─── Data provided

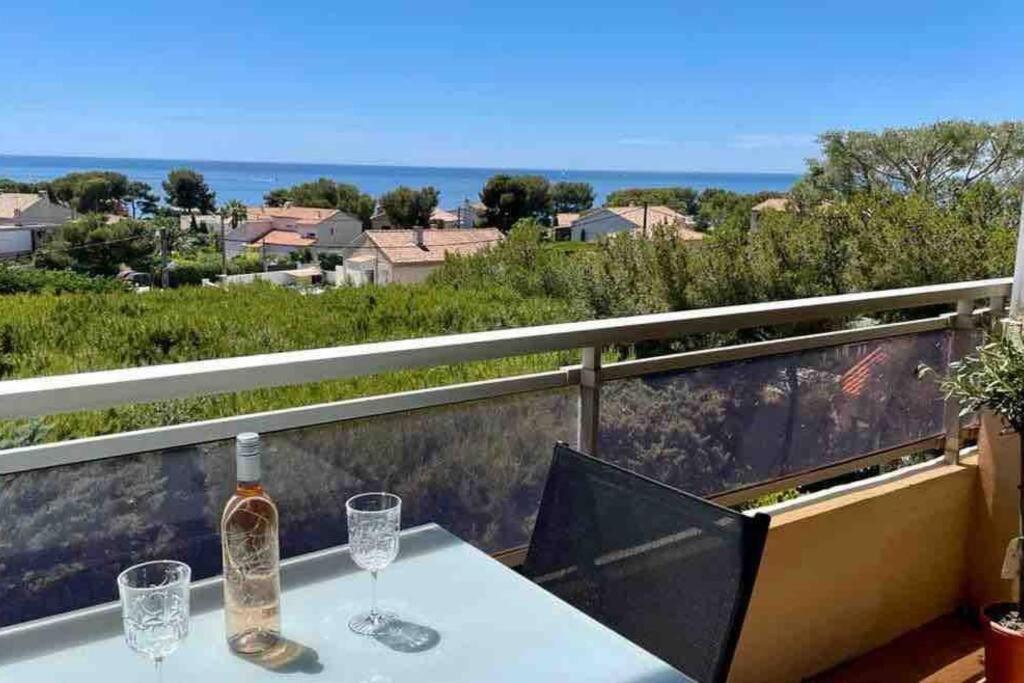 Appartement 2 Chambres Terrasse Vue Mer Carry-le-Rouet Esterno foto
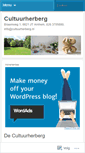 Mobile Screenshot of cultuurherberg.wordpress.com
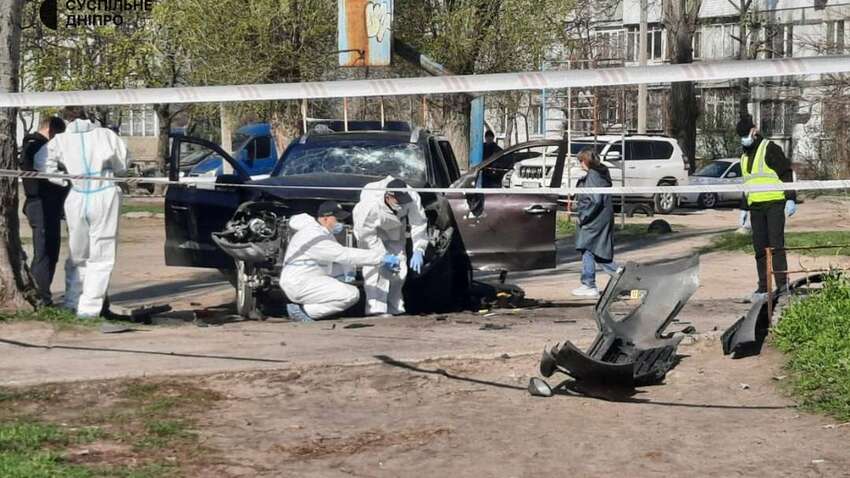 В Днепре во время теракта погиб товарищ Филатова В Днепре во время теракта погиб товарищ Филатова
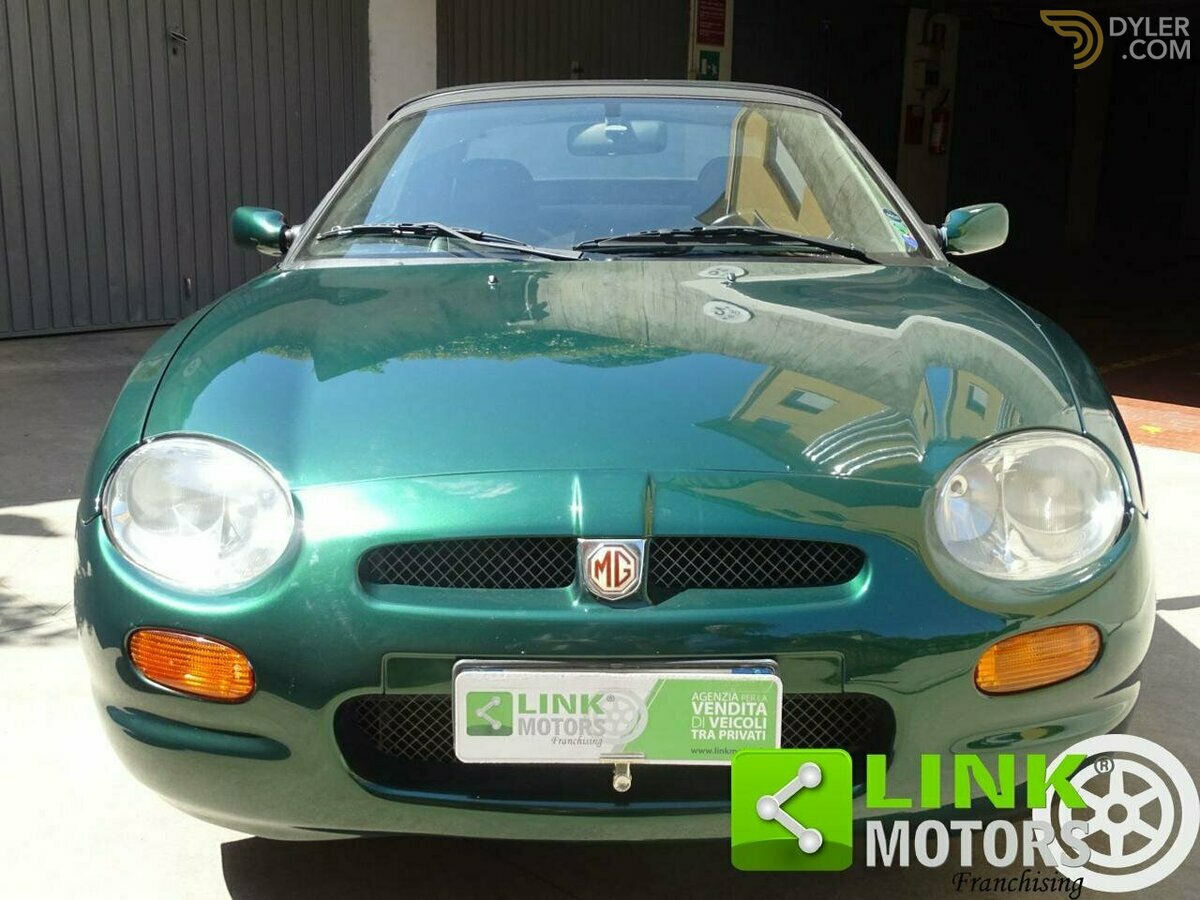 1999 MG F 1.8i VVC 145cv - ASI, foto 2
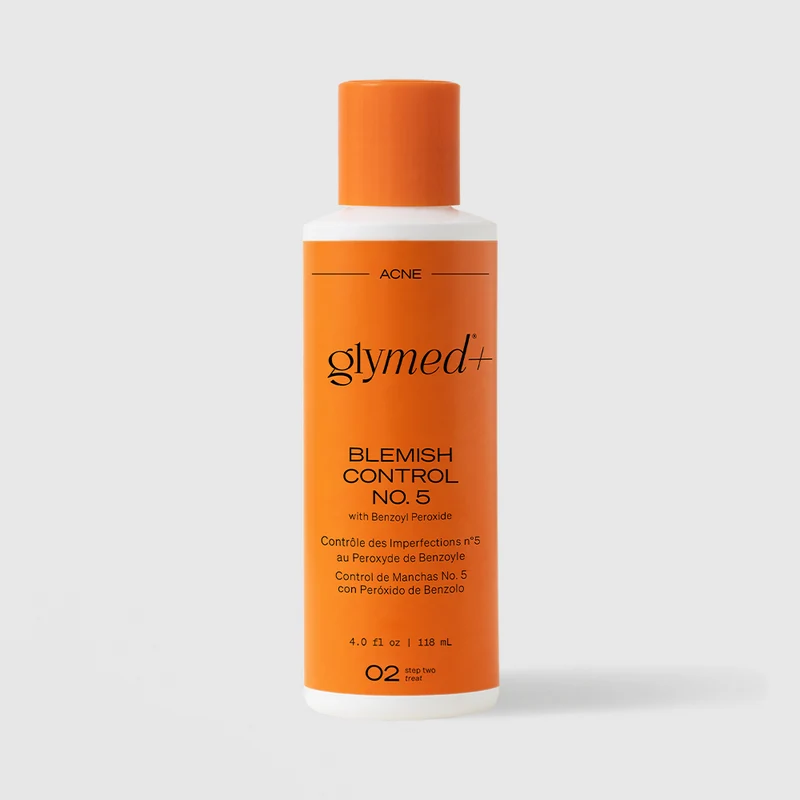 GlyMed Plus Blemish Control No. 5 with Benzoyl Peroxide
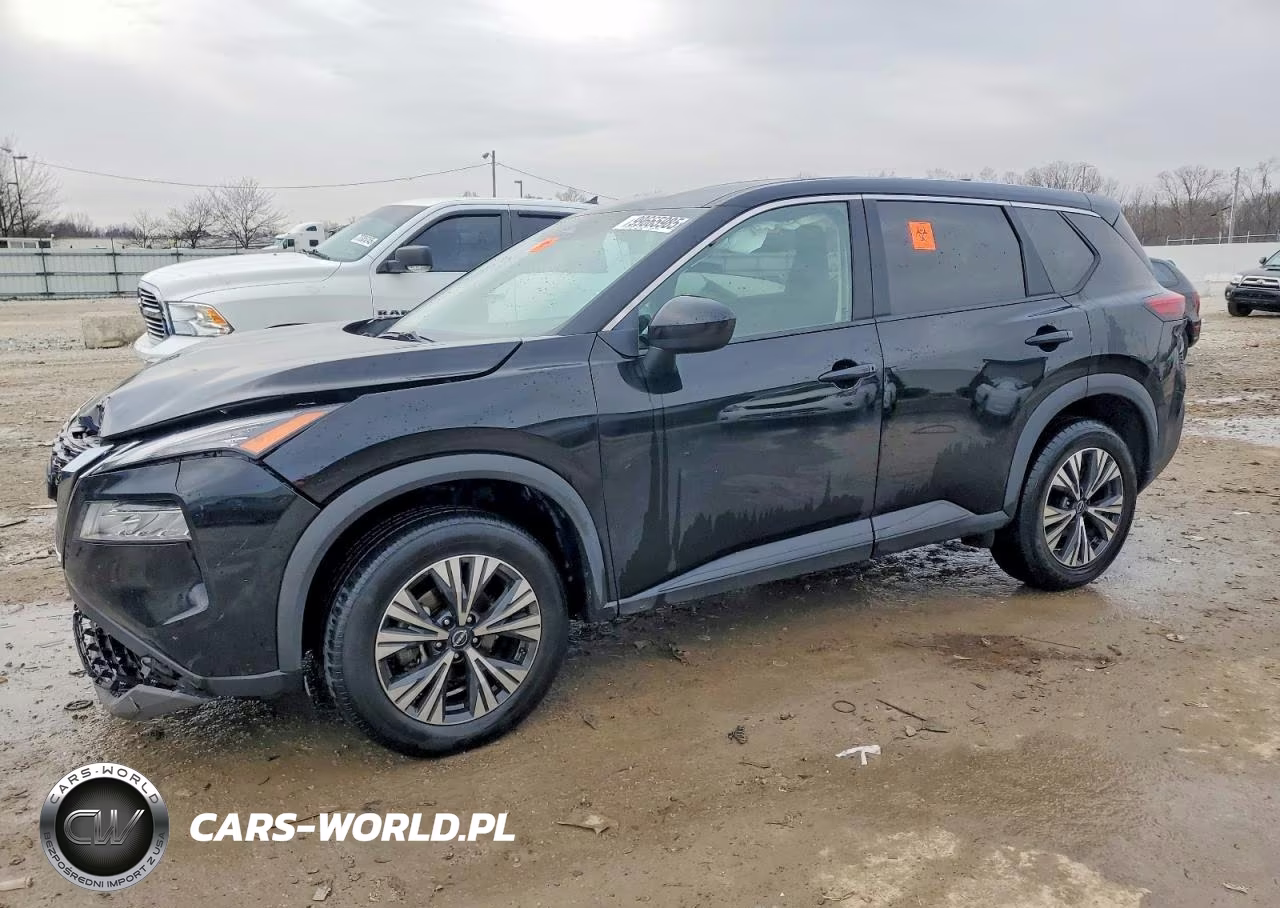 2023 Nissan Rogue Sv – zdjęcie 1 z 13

──────

_Task directions_: Return all the material exactly, skipping pictures.

_Answer to this task_:
 Appartement 2 Chambres Terrasse Vue Mer Carry-le-Rouet Esterno foto
 Mobile Screenshot of cultuurherberg.wordpress.com
 В Днепре во время теракта погиб товарищ Филатова В Днепре во время теракта погиб товарищ Филатова
 1999 MG F 1.8i VVC 145cv - ASI, foto 2
 GlyMed Plus Blemish Control No. 5 with Benzoyl Peroxide
 2023 Nissan Rogue Sv – zdjęcie 1 z 13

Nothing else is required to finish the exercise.